Friday, September 5, 2014

Are you thinking about using social media to achieve your sales goals? A July 2012 study by the Aberdeen Group, states that sales intelligence can enable sales reps to be 79 percent more likely to attain their quota, while organizations that leverage social intelligence programs are 21 percent more likely to achieve revenue growth.

There are companies making some early, advanced strides, and many that are still in the experimentation stages. Regardless of where you think you are at the moment, below are some ideas for effectively using those Twitter followers, Facebook likes, and LinkedIn Groups to help meet your quota.

Why you should mine social media sites to identify prospects

Often referral sales are much easier to get than cold calls. Most seasoned executives will look to a referral long before they ever talk to a new vendor. Today though, those referrals and references come in many forms, from LinkedIn endorsements to live chat.


"As a prospecting tool, I've gotten business from LinkedIn by honing my profile, which I wrote specifically to attract prospects," said Maura Schreier-Fleming, President of BestatSelling.com. "More and more of my customers that are online expect me to not only be there, but be engaged. As a speaker, trainer and author, my audience can vary as to how they get their information. For that reason, I use multiple tools to reach my audience, ranging from blogs and Linkedin, to Twitter and YouTube."

And why wouldn't you want to be there? Its great that there are no gatekeepers. Direct contact details are organized in the way you want to prospect or research them (by region, industry, role, etc). As a sales person you have an opportunity to hear the customer's voice, directly from their own mouths--good or bad.

The negative of all this is that searching through social media sites for data points can be a more complex method than using other search tools. However, these tools can provide a distinct cost and time advantage once mastered.

Focus on one platform where your customers interact

I suggest one of two places to start: either with what you are most comfortable using or what your customers use.
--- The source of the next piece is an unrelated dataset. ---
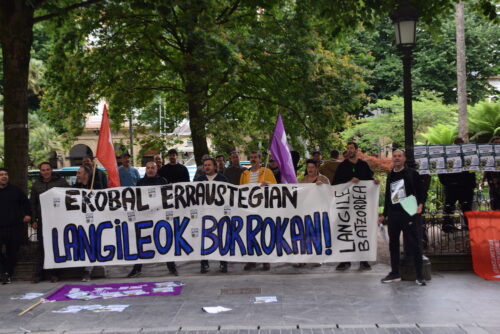 Erraustegia_protesta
Other than asking directly what your customers use. There are free tools, like Socialmention, or paid ones like Radian6 or Act-on to determine top keywords, sentiment, influencers, and sources. Narrow your sources down to a few manageable ones that are easy to follow and have the most influence on your target market.

You can also go with the standard Top 3:

  • LinkedIn in the US has become the standard for business-to-business (B2B) engagement. Personal and company profiles allow for networking with people at larger companies that might be interested in your product or service.
  • Facebook is the place to be for business to consumer (B2C) sales engagement. This is because the largest group of the population is already there checking their profiles, participating with their connections and engaging with their communities. It's not that Facebook is bad for business, but just that it is a different type of person checking their profile daily than engaging in B2B discussions.
  • Twitter, on the other hand, is what I would call a hybrid platform. It is for listening, not broadcasting. A recent article by Forbes writer Jaquelyn Smith states "Use what you hear as leverage to pick up the phone and call. Listen for problems that can be solved." I agree with this philosophy and it is also the easiest platform to follow due to the number of tools out there that support Twitter (ie Hootsuite or one of my new favorites SocialBro).

Don't limit yourself to the big three. Blogs, video sites, forums, and comment sections on websites are also great places to generate opportunities. Don't forget the new generation of up and comers too, like Google+. First find out where they are, join that community, then dive in.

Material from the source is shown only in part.